A cropped photograph of the High Line signature benches, in which the concrete paving "peels up" to become a bench with wood slats.
Copyright ETM Associates, LLC
New York, New York
Client: Friends of the Highline, City of New York
Awards: O+M Plan - NJASLA Landscape Planning & Analysis Award, 2017 and NYASLA Analysis, Planning, Research & Communications Award, 2020

The High Line is an iconic elevated freight line park that runs from the Lower West Side of Manhattan up to 30th Street. The park is 20-30 feet above street level and as a result, many conventional maintenance strategies are not applicable to the site. Even daily tasks, such as uploading trash or bringing materials onto the freight line-turned-park, can prove problematic. Moreover, the nature of the structure and the design greatly restrict the use of vehicles on site. With these and other site restrictions in mind, ETM Associates worked with James Corner Field Operations, an NYC landscape architecture firm, the NYC Department of Parks, the NYC Economic Development Corporation, and Friends of the High Line, a non-profit organization, to develop a Maintenance and Operations Plan for Phases 1 and 2 of the High Line.

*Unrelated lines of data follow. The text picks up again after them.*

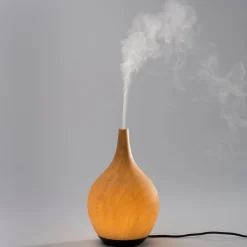 Intratuin Aroma Du Monde elektrische Duftlampe natur  D 12,7 H 20,2 cm| Diffuser & Raumspray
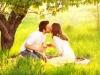 Picnic in the park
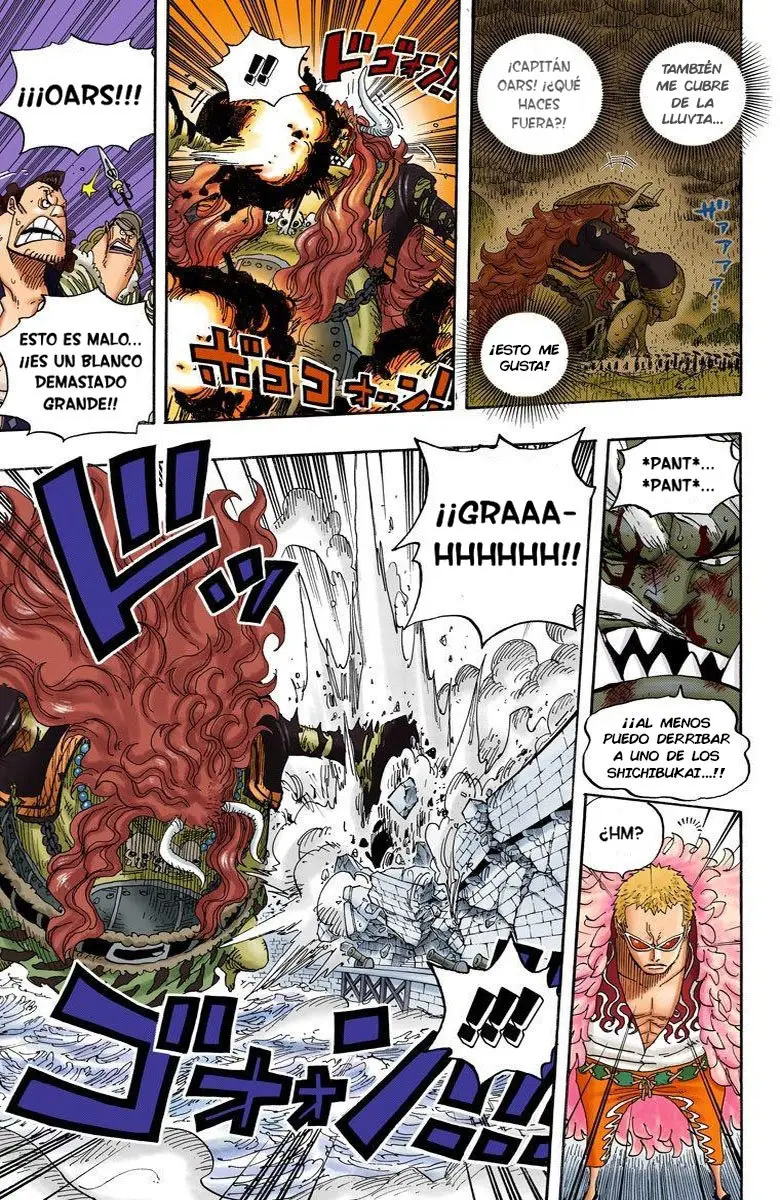 One Piece color capítulo 555 página 9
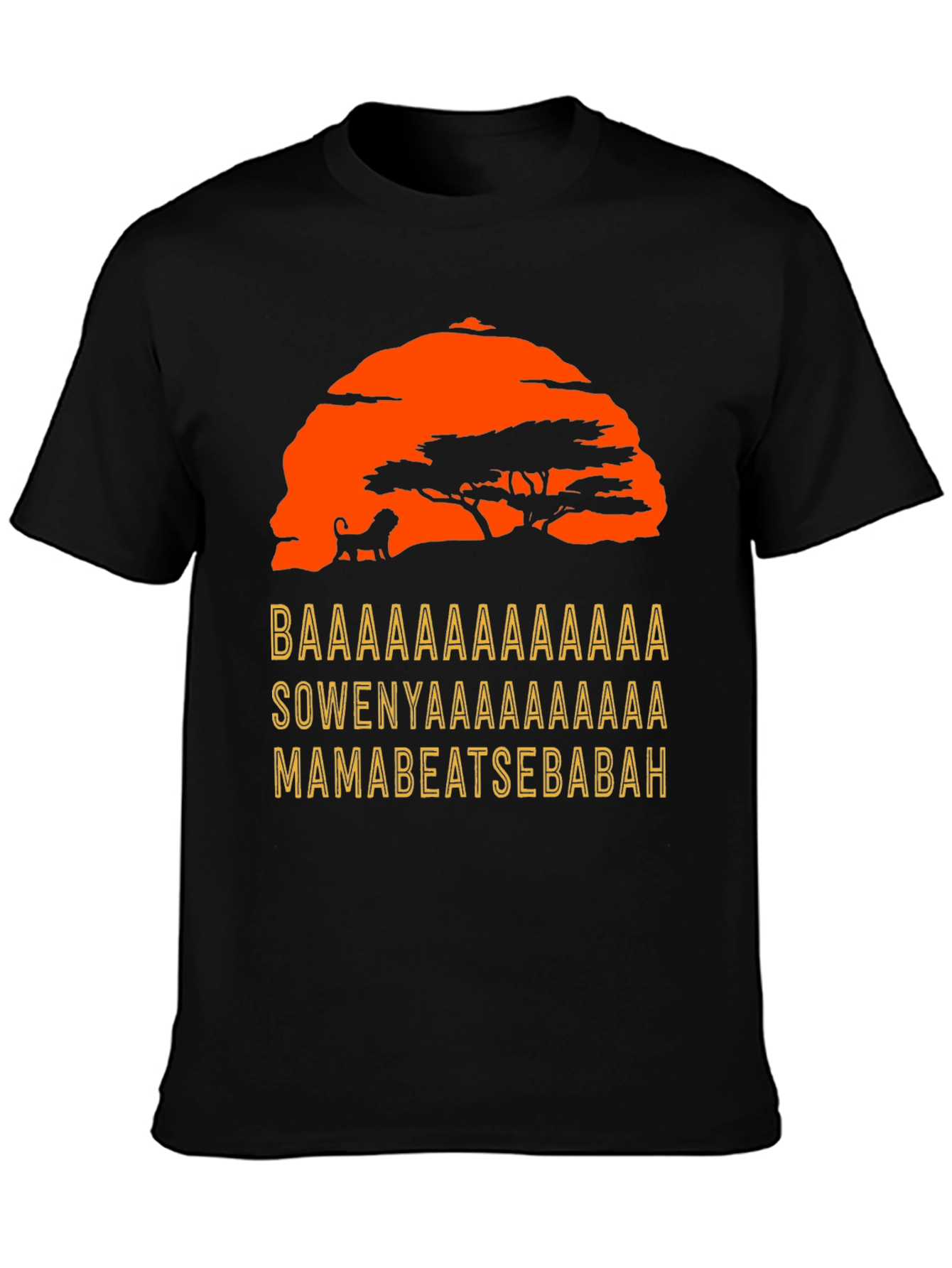 The Lion King Hakuna Matata T-Shirt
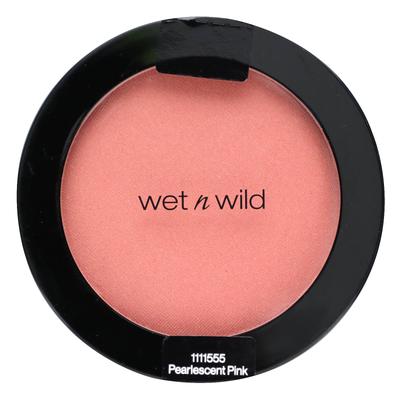 Color Icon, Blusher, 111555 Pearlescent Pink, 6G(0.21Oz)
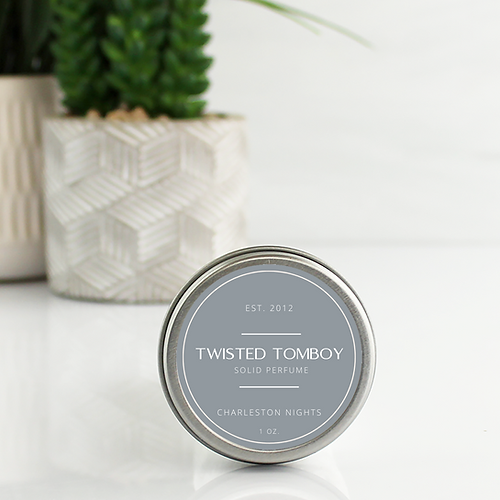 Charleston Nights Solid Perfume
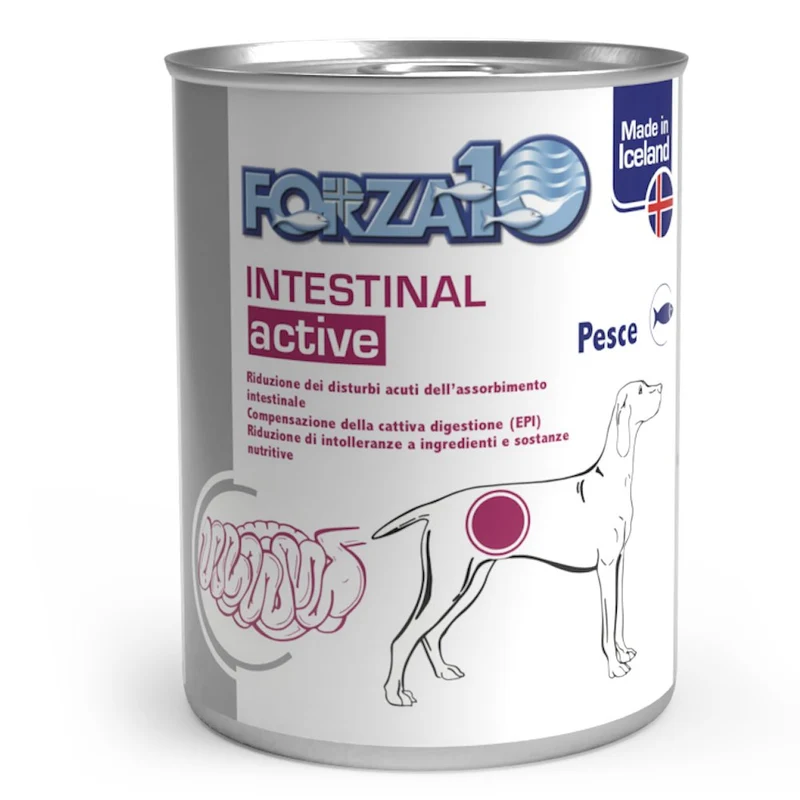 Forza 10 Intestinal Active latt 390g x 6pezzi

A prime example of ETM’s role was the revision in design of the proposed peel-up benches. Initial plans called for the entire bench to be constructed as one continuous length of concrete that would run 12 feet long or more. After diligent research, ETM determined that when the bench requires any repair or replacement, it would be necessary to shut down the street and rent a five-ton crane to lift the new material onto the site. Without compromising the integrity of the design, ETM advised replacing the seating portion of the bench with traditional slats, thus allowing ease of material delivery and replacement.

In addition, ETM advised on the design of park maintenance facilities and special equipment needs. Some of these recommendations included planning for lifts that would be required to hoist materials and supplies from street level; garbage chutes that enable direct delivery of trash to street level; and small mobile units, such as golf carts and bicycles, outfitted for maintenance work.

Some of the maintenance challenges have been alleviated with the opening of Phase 3 of the High Line. At the time of ETM’s work, the future of Phase 3 was uncertain and our Maintenance and Operations Plan had to account for not having direct ground access.

ETM’s Maintenance and Operations Plan for the park won an NJASLA Landscape Planning and Analysis Award and an NYASLA Analysis, Planning, Research & Communications Award. The High Line itself also has won a myriad of awards since opening.